Wasp stings can be very painful and for some people even potentially life threatening.
There is no anti-venom available for wasp or hornet stings but most stings can be handled using simple first aid techniques. If you develop an allergic reaction to the sting you should seek immediate medical attention as you will require medication to help counter the effects.
All wasps are different. There are various species including the yellow jacket and the paper wasp. More interestingly you will never get stung by a male wasp. It is a pity we can’t tell the difference at first sight but only females sting. The first action to be taken following a wasp sting is to remove “the stinger” from the body. This is best done with a pair of tweezers or scraped out with the fingernail. There will probably be a desire to rub and squeeze the affected area in order to reduce the pain as this gives the impression that the pain is reduced. However, our specialists recommend not doing this as it will cause the venom to spread beneath the skin.After cleaning the affected area place something cold like ice cubes or an ice pack over the area (wrapped in something like a towel). In order to reduce swelling rest and possibly elevate the affected area. For extra protection – especially if the patient is itching a lot – an antihistamine or oral tablet can be useful. Over a couple of days the symptoms should subside but if after two days it appears the swelling and redness is spreading over a wider area this is a sign the patient may have an infection and it is recommended medical advice should be sought.

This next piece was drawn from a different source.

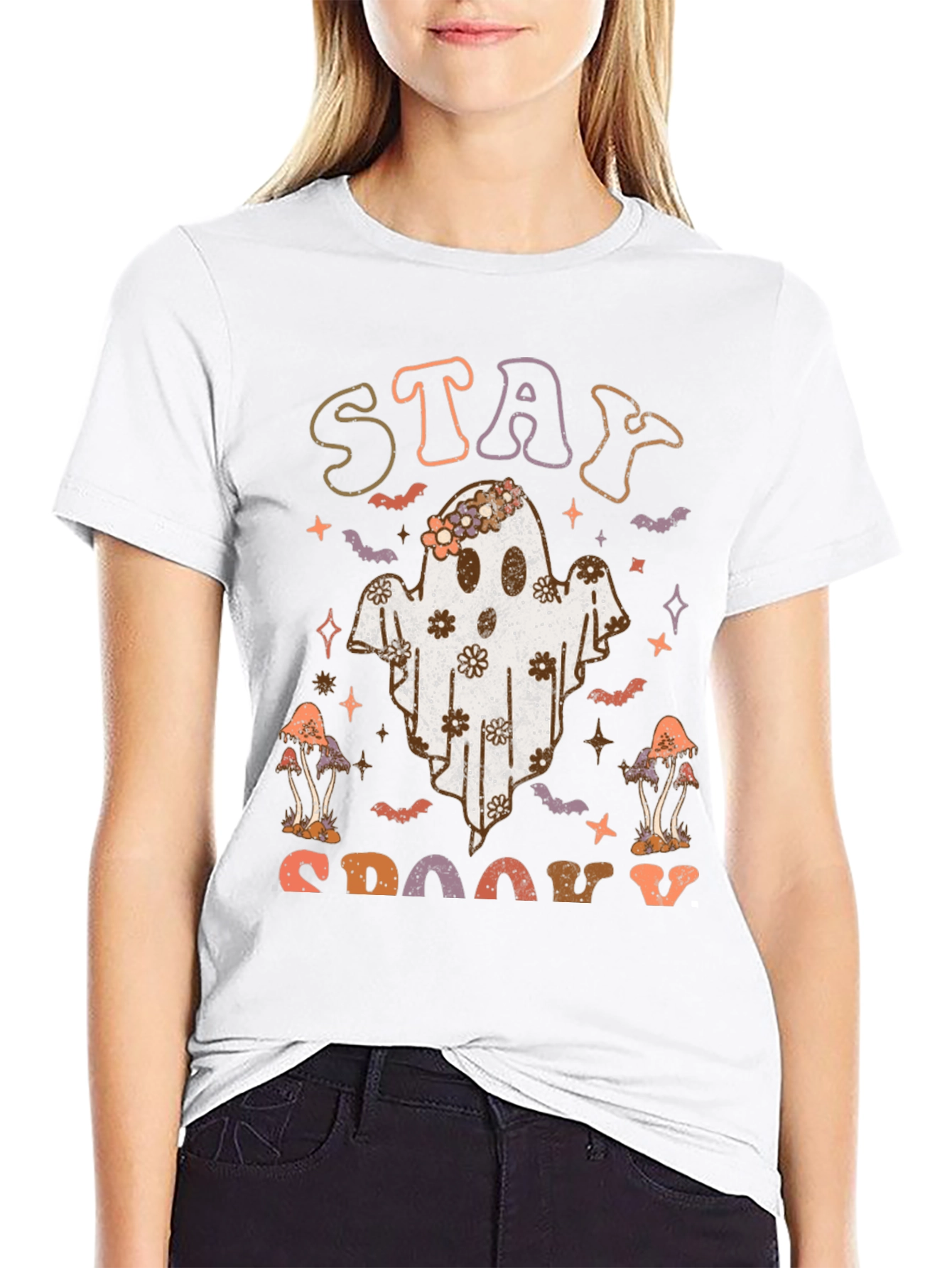 Stay Spooky Ghost Graphic Tee - Halloween Vibes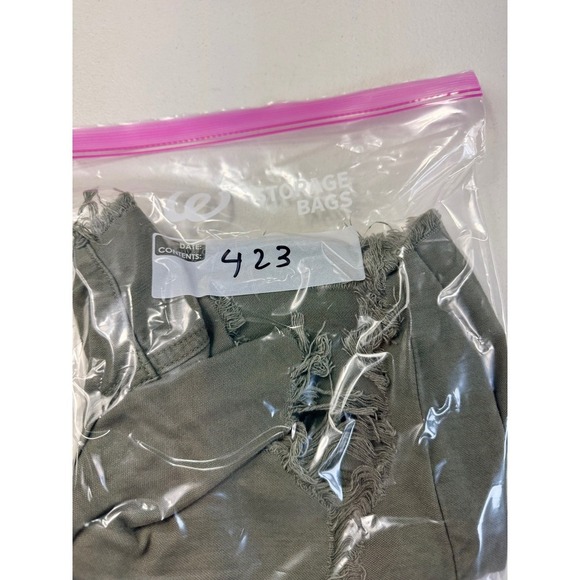 American Eagle Olive Green Distressed Denim Shorts High Waisted Size 2 - Picture 10 of 10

The most important first step is to remove the sting as quickly as possible. You need to be very careful not to break the sting whilst removing it.
Apply an ice pack to the area to help reduce the discomfort and swelling then wash the area with an antiseptic handwash before applying some antiseptic cream. Take an Ibuprofen to help reduce the throbbing pain that accompanies the sting. If the itching persists take an antihistamine and ensure you do not scratch the affected area.

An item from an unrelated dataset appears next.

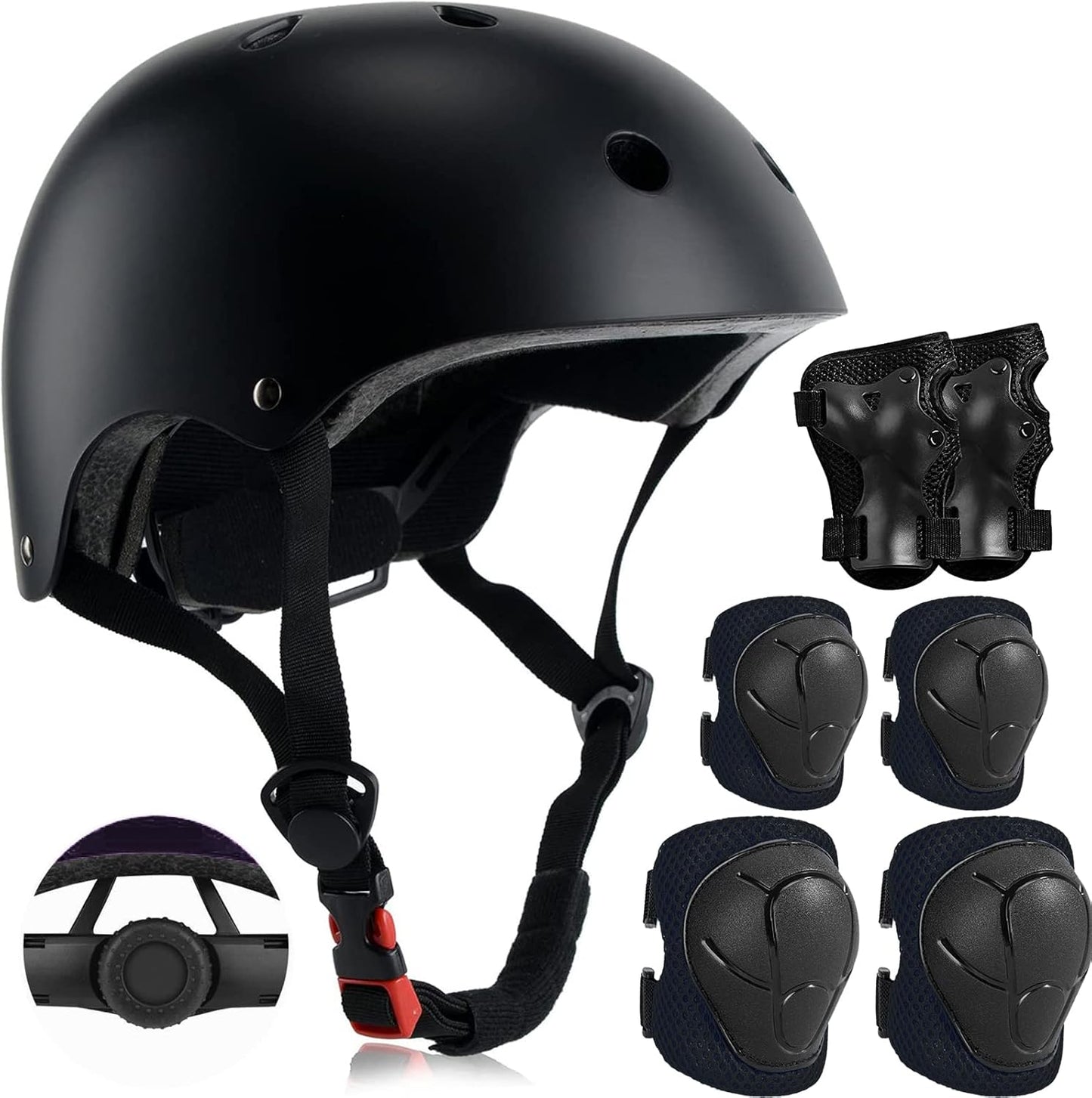 Adjustable Kids Helmet with Knee Pad, Elbow Pads & Wrist Guards - Toddler Bike Helmets for Ages 3-5, 5-8, 8-14 Years - Perfect for Skating, Biking, Cycling, and Skateboard - for Boys and Girls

If you develop an allergic reaction you need to consult a doctor. The medication required will depend on the severity of the allergic reaction. Mild to moderate allergic reactions such as rashes and mild breathing problems are treated with antihistamines, steroids, and/or epinephrine injections, and a tetanus booster immunization (if needed). Severe reactions can cause anaphylaxis or anaphylactic shock resulting in low blood pressure, respiratory function could get compromised due to bronchospasm, or a circulatory collapse leading to breathing problems. Severe allergic reaction mostly occurs, when the sting enters the blood stream. Treatment in such cases includes injection of antihistamines, steroids, and epinephrine, placement of a breathing tube into the trachea to aid breathing, intravenous fluids, and hospitalisation and close monitoring.